Tuesday, January 23, 2018

Lagging Far Behind

While people love to hear our sunny Prime Minister reassure us with his rosy rhetoric, it is becoming increasingly evident that his words mean little when it comes to climate change. And the most shocking revelation, as reported by The National Observer, is that those notorious climate-change laggards, the Americans, are well ahead of us in their reduction of greenhouse gas emissions.
Since 1990, Americans have cleaned up their climate pollution — per person — twice as fast as Canadians. Americans have come from well behind in the climate race to catch up and current estimates show they have probably passed us already.

According to the most recent official inventory reports, the Americans pulled into a virtual tie with Canadians in 2015, at just over 20 tonnes of CO2 (tCO2) per person.

And according to recent estimates by the U.S. Energy Information Agency, America's emissions fell another 1.7 per cent in 2016. They project a further decline in 2017. If so, Americans are now below the twenty tonne mark per person.
So what's going on here?
The reason the Yanks are beating us is that we have been dragging our feet for decades.
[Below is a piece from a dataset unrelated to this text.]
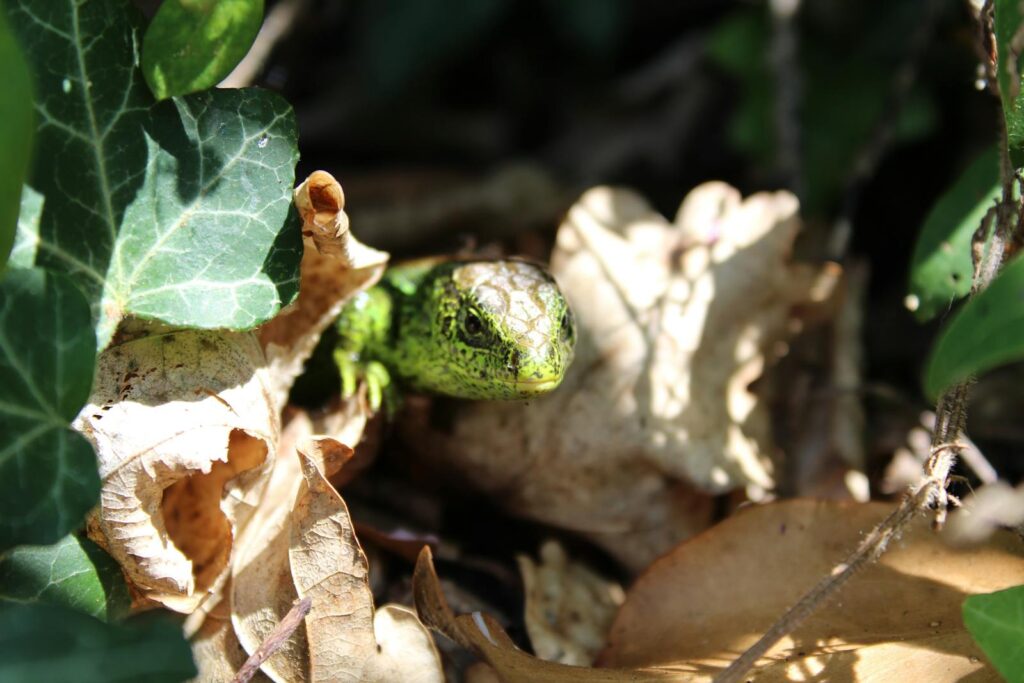A vivid green lizard camouflaged among ivy and dry leaves in a natural setting.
Since 1990, Canadians have reduced our climate pollution by just 10 per cent per person while Americans cleaned up by 20 per cent; Europeans by 30 per cent; and the British by 40 per cent.
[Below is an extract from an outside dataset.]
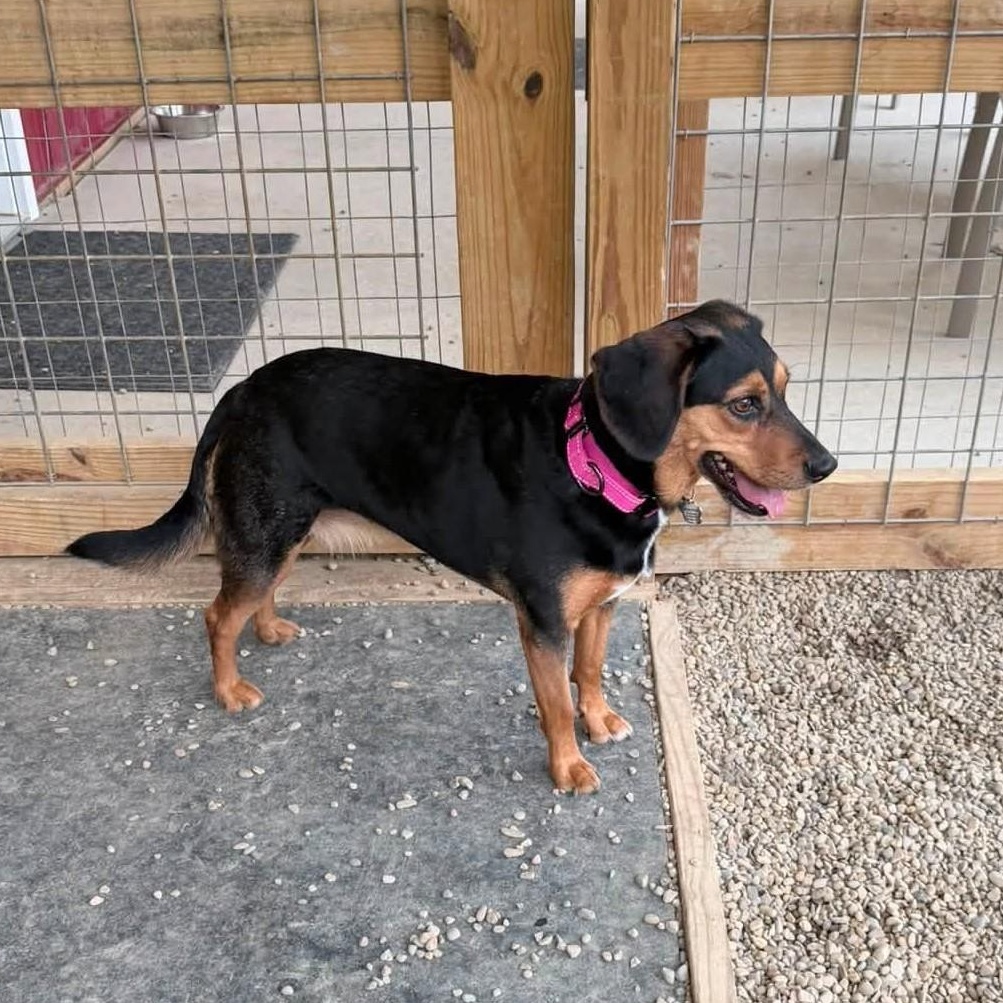 Enlarge Lucy, an adopted mixed breed in Grafton, OH image 4/6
At this rate it will take 150 years before our climate pollution per person falls to the amount that Europeans emit now.
The reason for Canada's poor results are to be found in the usual suspects, oil and gas production and thee transportation sector.
Combined, these two sectors now emit 10 tCO2 per Canadian — that's more than Europeans, Chinese or Indians emit for everything.
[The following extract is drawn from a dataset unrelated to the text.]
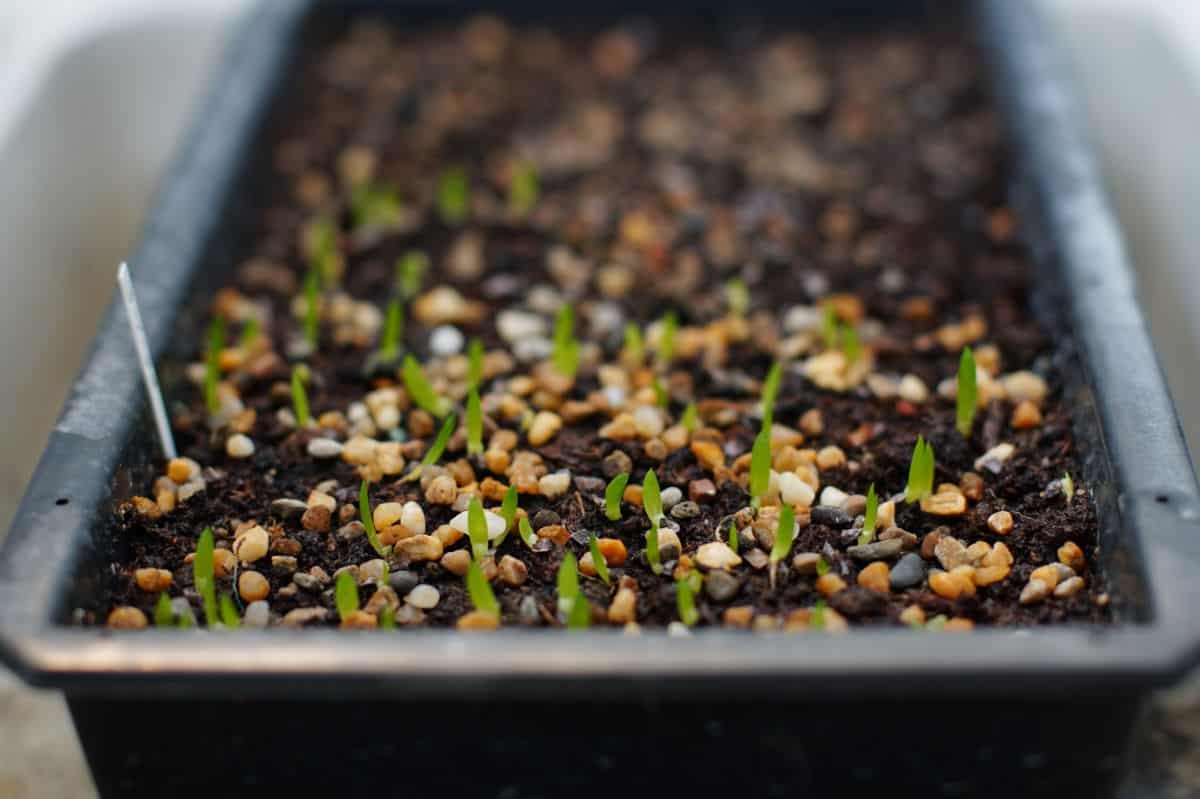 Aloe vera sprounting seeds in planter.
The second key message is that these two sectors have become even more climate polluting — per Canadian — since 1990. That's wiped out much of the gains made elsewhere.
Our addiction to oil, our government thralldom to the fossil fuel sector, and our own heedless purchases of trucks and SUVs are all factors in poor showing.

A recent poll by Environics Research revealed that increasing numbers of Canadians think reducing greenhouse gas emissions should be a “guiding principle” in developing natural resources.
An overwhelming majority of respondents supported renewable energy sources, such as solar (93 per cent), hydro electricity (91 per cent) and wind projects (86 per cent). Support for non-renewable energy, such as oil (63 per cent) and nuclear power (45 per cent), was considerably weaker.
However, the Liberals' avidity for a second pipeline that will only further promote greenhouse gas emissions is perhaps suggested by Natural Resources Minister Jim Carr's spokesperson, Alexandre Deslongchamps:
“We are in the midst of an energy transformation that will require all sources of energy to ensure Canada is a global leader in the low-carbon economy”.
Huh? All sources? Really?

Actions always speak louder than words, and the actions thus far coming from this government suggest little other than a bit of window dressing (low carbon taxes) while the world continues to burn.

In other words, it's business as usual.


  1. You can't have it both ways with fossil fuels, Lorne. Justin believes he can split the difference. He can't.

    1. While few things in life are black and white, Owen, the issues surrounding climate change seem to be.

  2. It's double-talk, Lorne, and our prime minister, like his predecessors, is a master at the game. Whether it's neoliberal globalism or the petro-economy they simply have no Plan B.

    When the freshly minted prime minister and his enviromin showed up in Paris in 2015 they made grandiose pronouncements of what we were going to do, how we were no longer the Canada of Harper. They argued, convincingly, for bold new targets. 1.5C instead of 2.0C to the cheers of the crowd.

    Few heard Schellnhuber in the background warning that the only way to achieve these targets was through the "induced implosion" of the fossil energy industry. He meant nothing less than governments of petro-states closing down their industries, severing the trade in fossil fuels.

    What we wound up with was a government willing to overlook its promises of 'social licence,' First Nations consultation, cleaning out the blatantly corrupt National Energy Board and working to push through every pipeline possible (save for the Northern Gateway) from Energy East, to Keystone XL to the grossly expanded Kinder Morgan. And then, in a gem of sophistry worthy of Trump himself, he proclaims the path to Canada's green future lies from ramping up extraction, transmission and sale of the world's highest cost, highest carbon ersatz petroleum, bitumen. And he does it all with such grand sincerity.

    1. It is likely his apparent sincerity is part of what enables Trudeau to get away with some of these whoppers, Mound. All of us lose when power isn't held to account for the betrayal of the planet.